- [Problem] Produce the records below again, word for word, but stop after the line that contains "White chicken lasagna".
:: Records provided
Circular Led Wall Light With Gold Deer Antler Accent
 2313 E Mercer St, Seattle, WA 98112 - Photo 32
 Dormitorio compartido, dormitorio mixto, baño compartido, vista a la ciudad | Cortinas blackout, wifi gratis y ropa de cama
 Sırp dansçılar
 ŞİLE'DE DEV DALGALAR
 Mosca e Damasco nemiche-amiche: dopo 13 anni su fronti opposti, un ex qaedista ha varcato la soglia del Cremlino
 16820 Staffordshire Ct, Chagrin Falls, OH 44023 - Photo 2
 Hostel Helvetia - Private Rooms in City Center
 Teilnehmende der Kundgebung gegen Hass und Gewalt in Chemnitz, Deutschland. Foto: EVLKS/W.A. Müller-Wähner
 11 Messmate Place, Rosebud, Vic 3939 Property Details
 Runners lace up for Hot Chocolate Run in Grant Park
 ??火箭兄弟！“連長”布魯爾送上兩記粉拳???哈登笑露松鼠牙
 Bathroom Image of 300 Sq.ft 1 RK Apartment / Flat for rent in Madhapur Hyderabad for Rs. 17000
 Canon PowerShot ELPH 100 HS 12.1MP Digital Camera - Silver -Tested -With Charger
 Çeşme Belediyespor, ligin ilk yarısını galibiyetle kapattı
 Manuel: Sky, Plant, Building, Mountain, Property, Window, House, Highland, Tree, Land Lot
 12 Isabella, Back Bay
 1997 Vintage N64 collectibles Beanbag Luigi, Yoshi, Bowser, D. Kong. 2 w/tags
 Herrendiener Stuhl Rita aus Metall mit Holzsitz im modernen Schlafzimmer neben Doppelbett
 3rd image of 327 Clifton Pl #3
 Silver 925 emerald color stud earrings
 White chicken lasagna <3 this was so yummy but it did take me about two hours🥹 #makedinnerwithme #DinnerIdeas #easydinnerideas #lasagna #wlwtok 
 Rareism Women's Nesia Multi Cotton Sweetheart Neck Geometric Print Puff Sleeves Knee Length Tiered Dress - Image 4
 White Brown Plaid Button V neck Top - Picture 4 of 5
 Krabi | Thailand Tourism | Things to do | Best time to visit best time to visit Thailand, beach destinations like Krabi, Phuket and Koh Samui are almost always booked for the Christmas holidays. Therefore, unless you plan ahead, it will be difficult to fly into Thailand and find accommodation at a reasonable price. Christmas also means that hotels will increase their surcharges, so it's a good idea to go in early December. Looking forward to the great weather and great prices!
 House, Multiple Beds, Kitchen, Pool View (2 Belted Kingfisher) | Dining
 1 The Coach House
::::
- [Result]
Circular Led Wall Light With Gold Deer Antler Accent
 2313 E Mercer St, Seattle, WA 98112 - Photo 32
 Dormitorio compartido, dormitorio mixto, baño compartido, vista a la ciudad | Cortinas blackout, wifi gratis y ropa de cama
 Sırp dansçılar
 ŞİLE'DE DEV DALGALAR
 Mosca e Damasco nemiche-amiche: dopo 13 anni su fronti opposti, un ex qaedista ha varcato la soglia del Cremlino
 16820 Staffordshire Ct, Chagrin Falls, OH 44023 - Photo 2
 Hostel Helvetia - Private Rooms in City Center
 Teilnehmende der Kundgebung gegen Hass und Gewalt in Chemnitz, Deutschland. Foto: EVLKS/W.A. Müller-Wähner
 11 Messmate Place, Rosebud, Vic 3939 Property Details
 Runners lace up for Hot Chocolate Run in Grant Park
 ??火箭兄弟！“連長”布魯爾送上兩記粉拳???哈登笑露松鼠牙
 Bathroom Image of 300 Sq.ft 1 RK Apartment / Flat for rent in Madhapur Hyderabad for Rs. 17000
 Canon PowerShot ELPH 100 HS 12.1MP Digital Camera - Silver -Tested -With Charger
 Çeşme Belediyespor, ligin ilk yarısını galibiyetle kapattı
 Manuel: Sky, Plant, Building, Mountain, Property, Window, House, Highland, Tree, Land Lot
 12 Isabella, Back Bay
 1997 Vintage N64 collectibles Beanbag Luigi, Yoshi, Bowser, D. Kong. 2 w/tags
 Herrendiener Stuhl Rita aus Metall mit Holzsitz im modernen Schlafzimmer neben Doppelbett
 3rd image of 327 Clifton Pl #3
 Silver 925 emerald color stud earrings
 White chicken lasagna <3 this was so yummy but it did take me about two hours🥹 #makedinnerwithme #DinnerIdeas #easydinnerideas #lasagna #wlwtok 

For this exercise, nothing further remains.